The pathology of plenitude is upon us. Too much stuff, too little time. What to do? Give up, obviously. Try not to think about box sets. Abstain from secondary stimulants such as magazines designed to induce purchase. Dip toes in the weir of nonchalance. Say ‘I know enough already.’ Or ‘I will stop now and let culture swim before me until I am just a figure at the bus-stop as culture rolls towards the horizon leaving flared trousers in its wake.’

Thanks to the ever-rewarding Things Magazine I learn that Penguin have issued the Penguin Classics Library Complete Collection, comprising 1,082 titles and retailing at $13,315.84. With an Amazon discount of 40% this works out at a trifling $7,989.50.

I am not remotely tempted. Were money no object I would not part with the requisite sum. Besides, I read at least seven of them at Uni. But as Completions go, this one is up there with The Assembled Nouvelle Vague, Its Antecedents, Its Tendencies and Its Divers Spawn, a 60 DVD set (I made that up). Certainly the owner of the Penguin set would never need to go out again. It would, on a personal level, be the End of History.

I suppose one might just buy them in order to feel better in some disturbed way but still keep going out. Much as the life of the Duc des Esseintes, the aesthete ‘hero’ of J-K Huysmans’ ground-breaking 1884 proto-virtual-reality novel of the Decadence ‘Against Nature’, has its cosy charms (the Duke purchases a chateau and lavishly decorates each of its rooms in a different style: one simulates a boat, another contains a collection of perfumes with which he composes an aromatic symphony etc) (it’s a Penguin Classic) (he never goes out again), I fear the sickly perfume of atrophy would soon drive one out to the nearest All Bar One. (‘”Mine’s a pint, squire!” barked the Duke thirstily.’)

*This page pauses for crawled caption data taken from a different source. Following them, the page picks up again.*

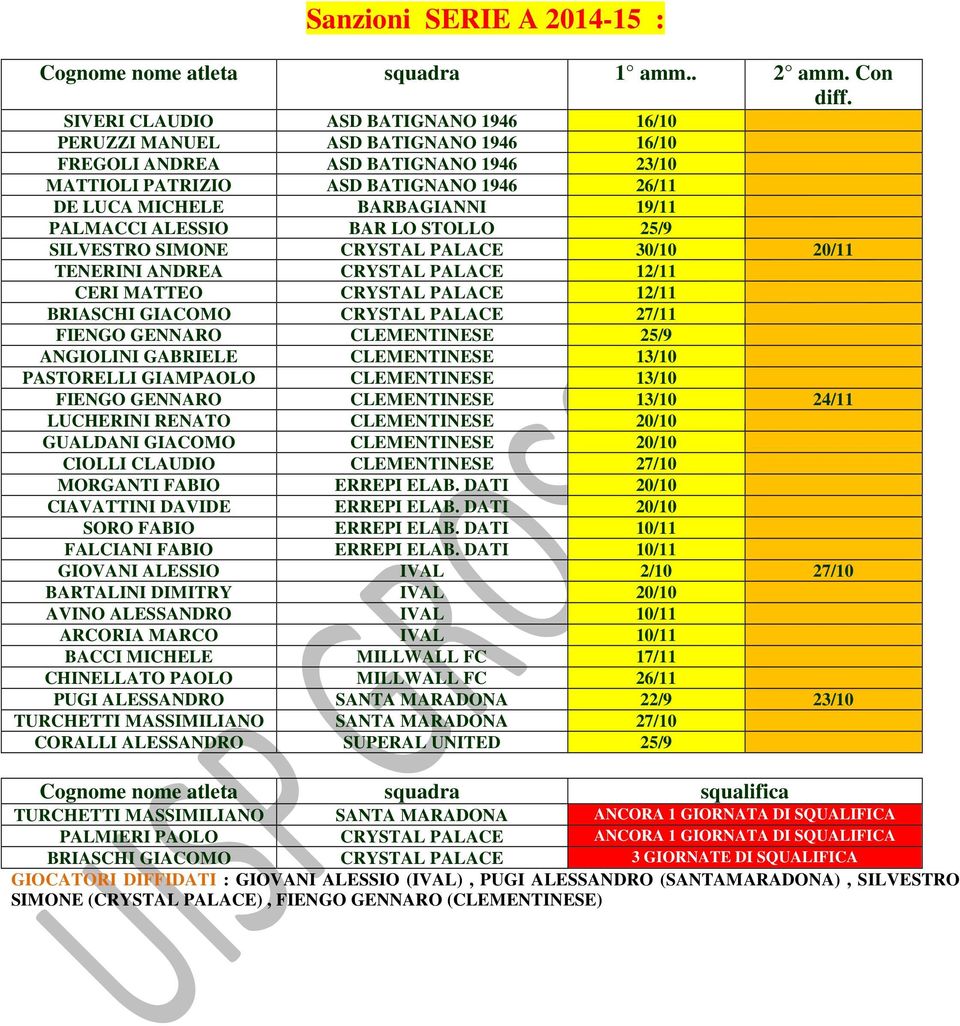 CRYSTAL PALACE 27/11 FIENGO GENNARO CLEMENTINESE 25/9 ANGIOLINI GABRIELE CLEMENTINESE 13/10 PASTORELLI GIAMPAOLO CLEMENTINESE 13/10 FIENGO GENNARO CLEMENTINESE 13/10 24/11 LUCHERINI RENATO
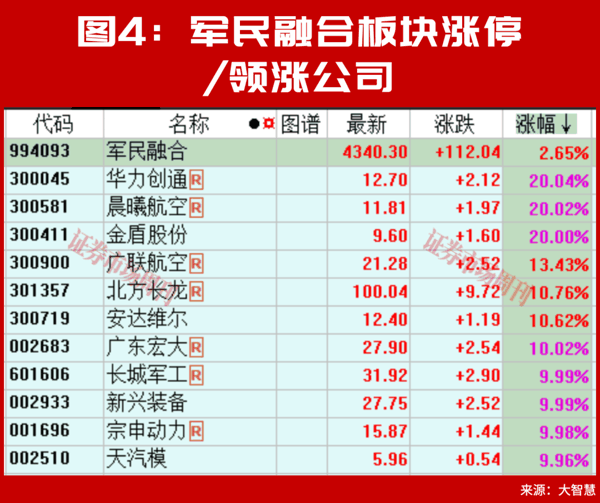 A股，下周将走出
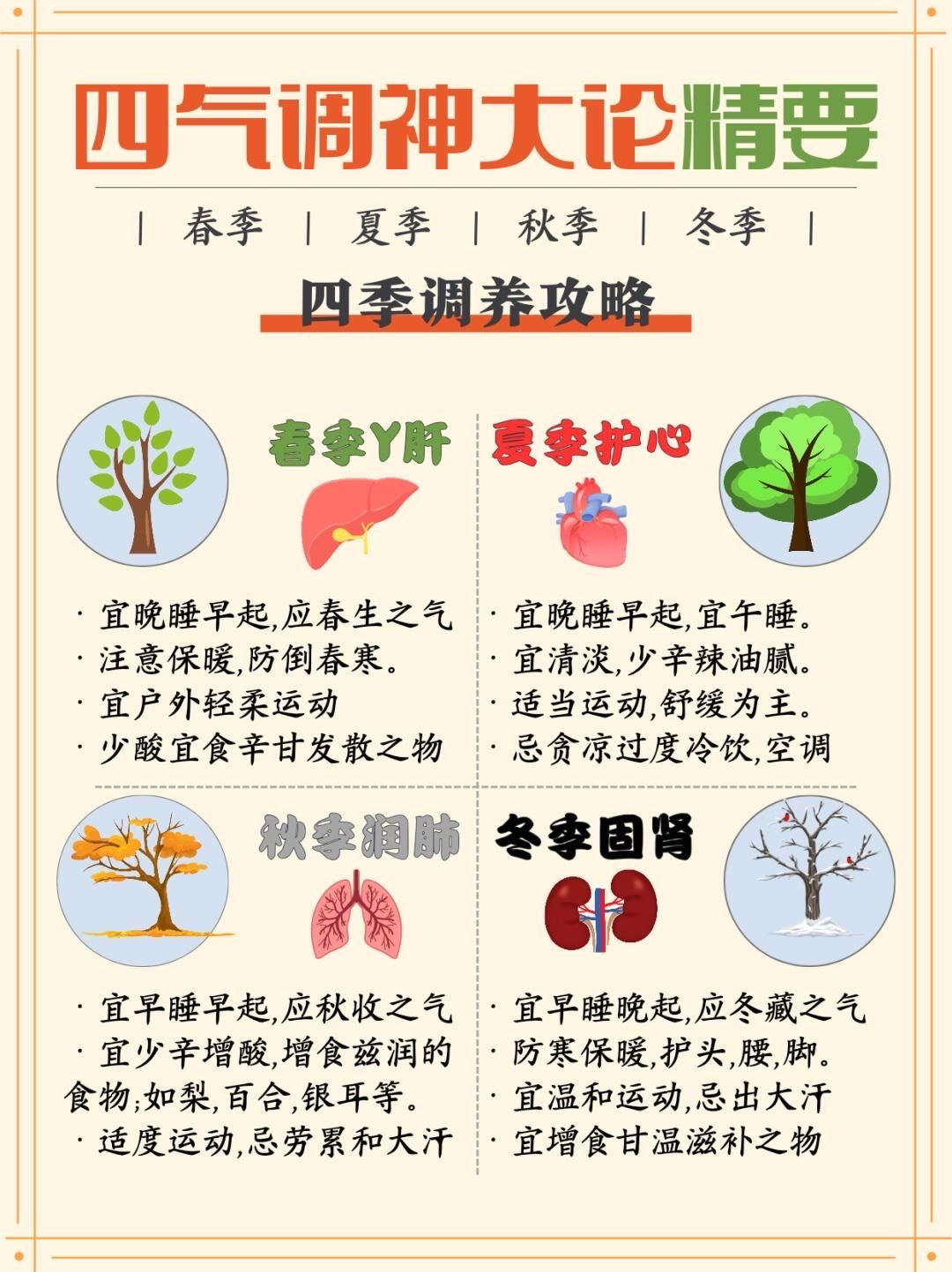 四季养生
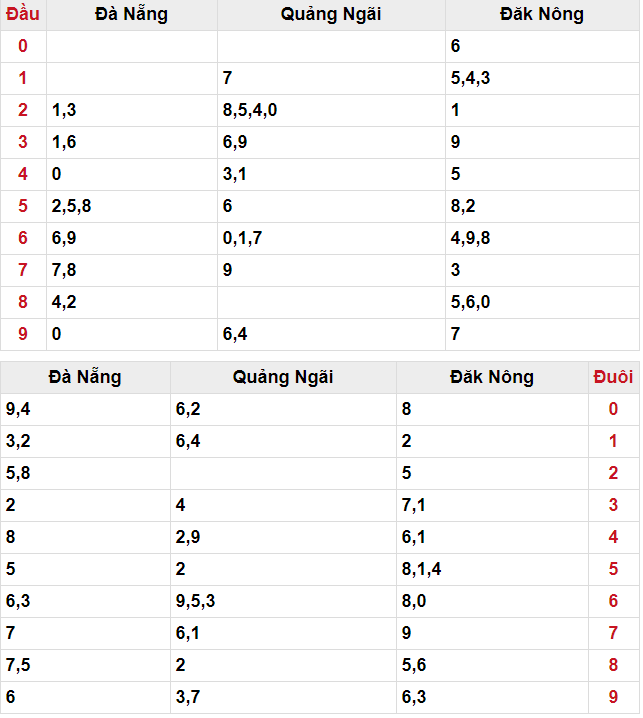 Số đầu đuôi may mắn miền Trung ngày 06/04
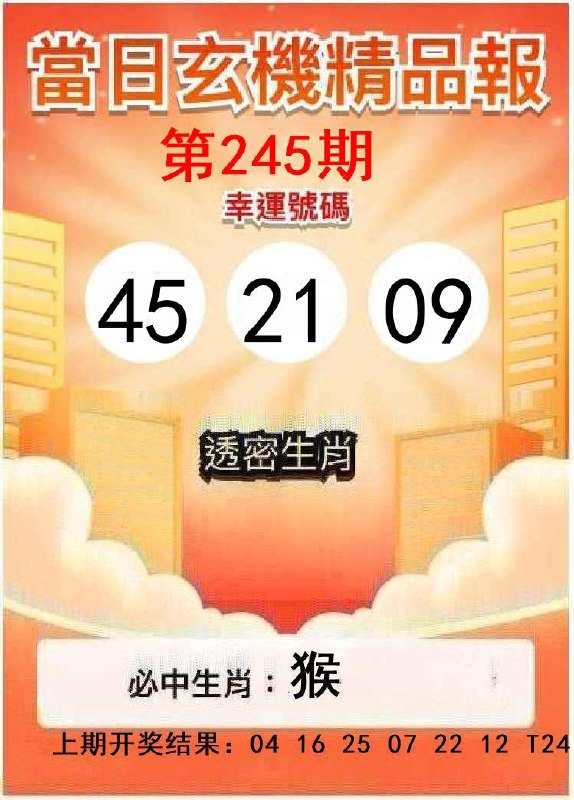 Image from post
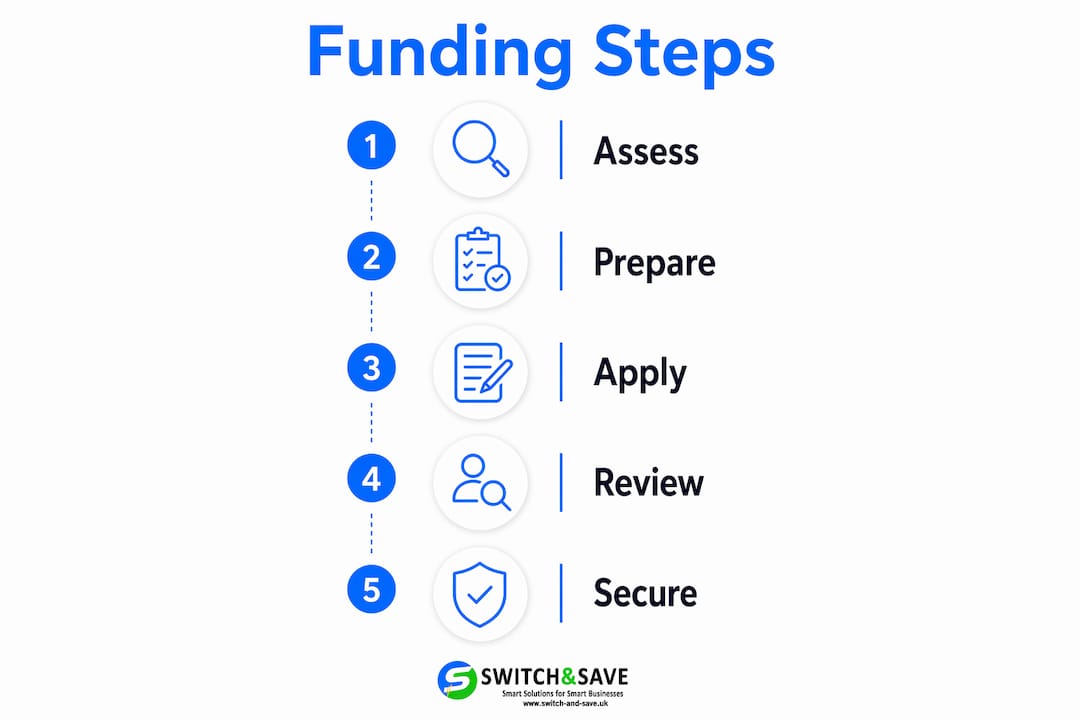 Infographic illustrating business funding application steps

No bugger who buys the Classics Collection will ever read it. We can speculate on how nice it feels to have it though: “Now that I have the Classics Collection not only is my library complete but I am. I have sealed the fissures through which dripped the contempt of the cultured. Like the taxi-driver I am fatly equipped with the Knowledge even if I do not, as yet, appear to know how to get to King’s Cross. I can, however, at any time that I choose, immerse myself in the canon and fire my firm self through the firmament of cultivation. It is as if I had a warm puppy in each trouser pocket, where the puppy is the good feeling and the trousers are the garments of the mind. And now, if you will excuse me, I am going to kill myself. For I am finished here.”